EXERCISE PROMPT: Nothing but the lines from the one with "In this problem, we're" through the end of the material should be retyped, word for word and without pictures.

*-*-*

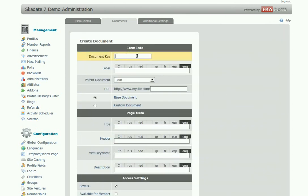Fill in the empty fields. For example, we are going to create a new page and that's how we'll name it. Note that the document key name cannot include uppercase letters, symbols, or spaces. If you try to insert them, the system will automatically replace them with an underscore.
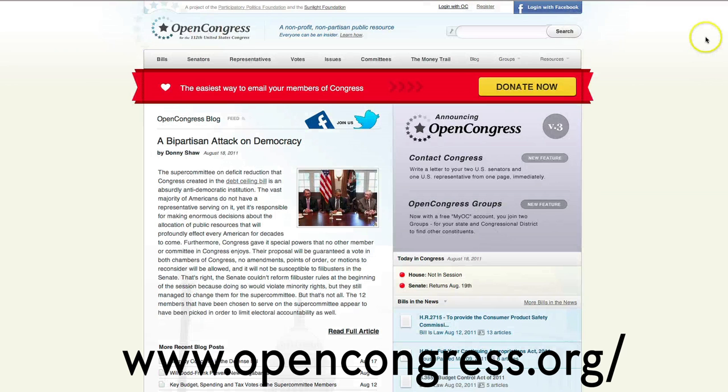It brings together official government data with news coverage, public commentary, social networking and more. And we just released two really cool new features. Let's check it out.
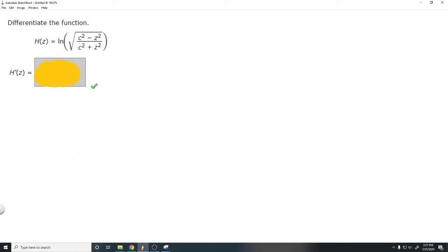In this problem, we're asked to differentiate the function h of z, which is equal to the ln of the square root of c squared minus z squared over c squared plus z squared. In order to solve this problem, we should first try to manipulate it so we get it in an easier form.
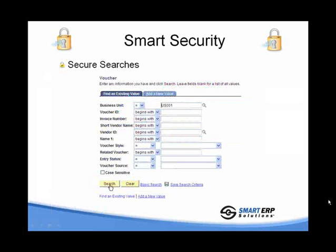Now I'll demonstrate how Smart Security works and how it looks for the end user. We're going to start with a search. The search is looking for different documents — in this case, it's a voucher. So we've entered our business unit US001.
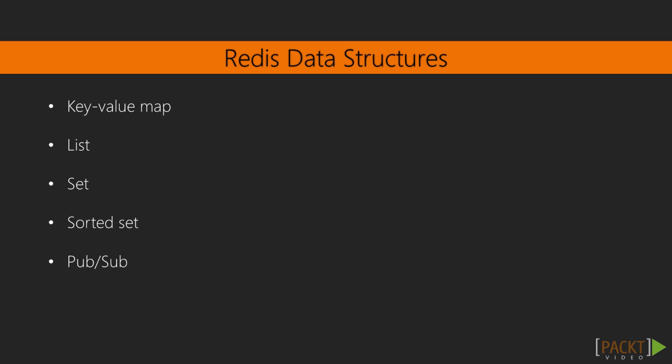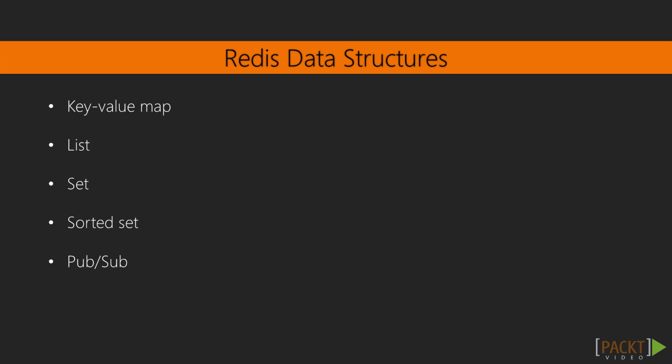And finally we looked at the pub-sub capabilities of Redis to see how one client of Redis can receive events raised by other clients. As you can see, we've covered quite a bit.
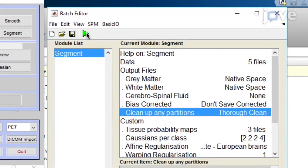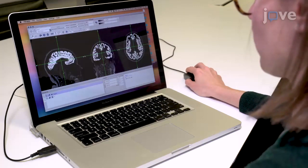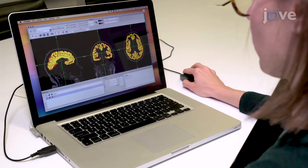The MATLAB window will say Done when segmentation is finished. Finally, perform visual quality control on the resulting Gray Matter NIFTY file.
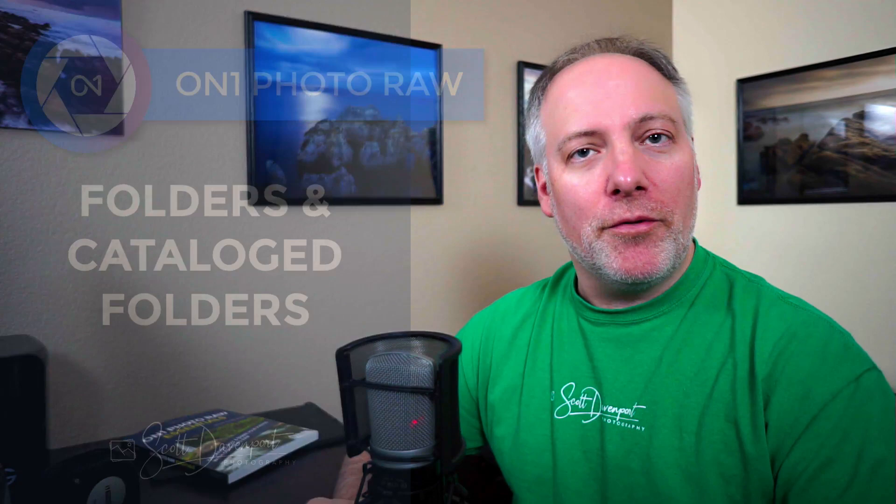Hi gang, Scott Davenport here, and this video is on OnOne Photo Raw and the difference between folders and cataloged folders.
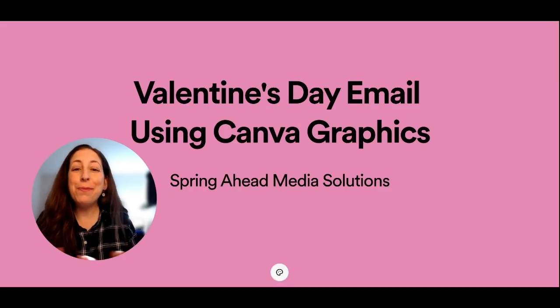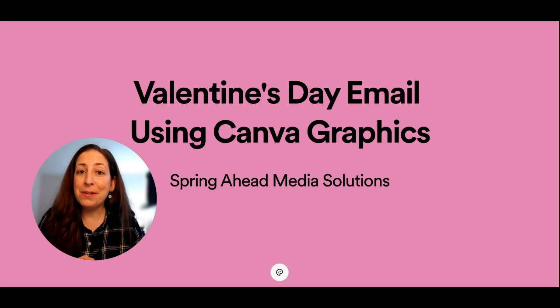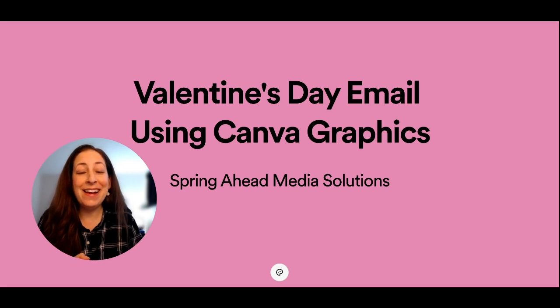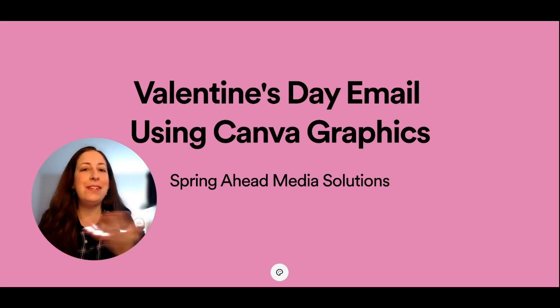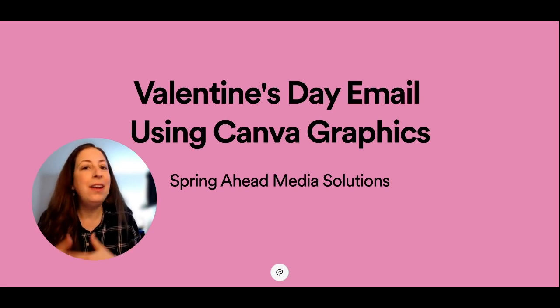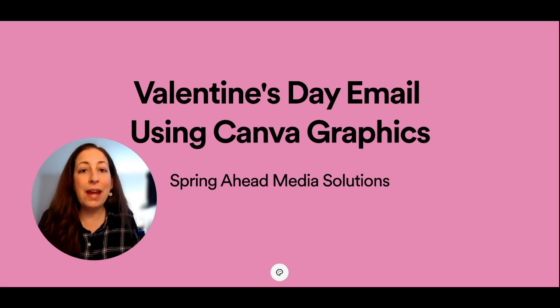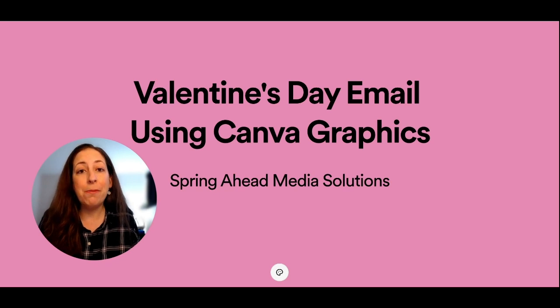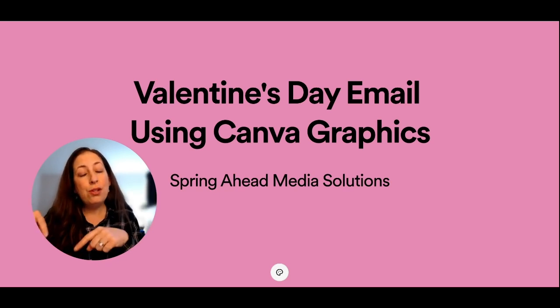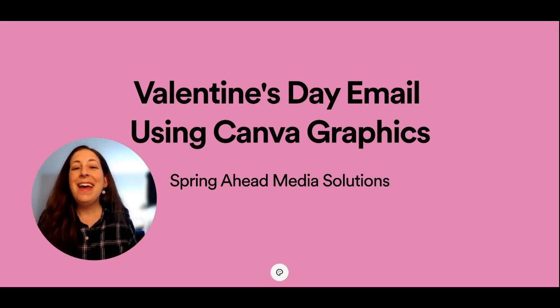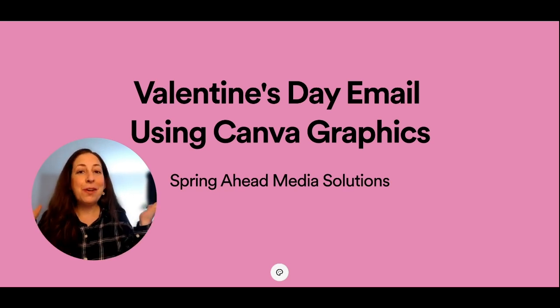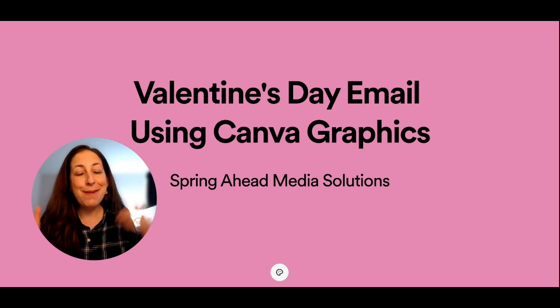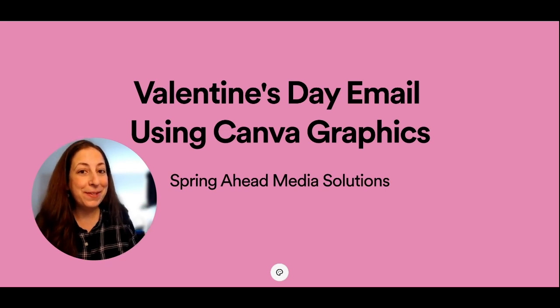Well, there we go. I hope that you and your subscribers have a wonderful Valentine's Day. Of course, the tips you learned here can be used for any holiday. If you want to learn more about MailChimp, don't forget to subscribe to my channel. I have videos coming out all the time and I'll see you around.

*-*-*

TASK ANSWER:
In this problem, we're asked to differentiate the function h of z, which is equal to the ln of the square root of c squared minus z squared over c squared plus z squared. In order to solve this problem, we should first try to manipulate it so we get it in an easier form.
Now I'll demonstrate how Smart Security works and how it looks for the end user. We're going to start with a search. The search is looking for different documents — in this case, it's a voucher. So we've entered our business unit US001.
And finally we looked at the pub-sub capabilities of Redis to see how one client of Redis can receive events raised by other clients. As you can see, we've covered quite a bit.
The MATLAB window will say Done when segmentation is finished. Finally, perform visual quality control on the resulting Gray Matter NIFTY file.
Hi gang, Scott Davenport here, and this video is on OnOne Photo Raw and the difference between folders and cataloged folders.
Well, there we go. I hope that you and your subscribers have a wonderful Valentine's Day. Of course, the tips you learned here can be used for any holiday. If you want to learn more about MailChimp, don't forget to subscribe to my channel. I have videos coming out all the time and I'll see you around.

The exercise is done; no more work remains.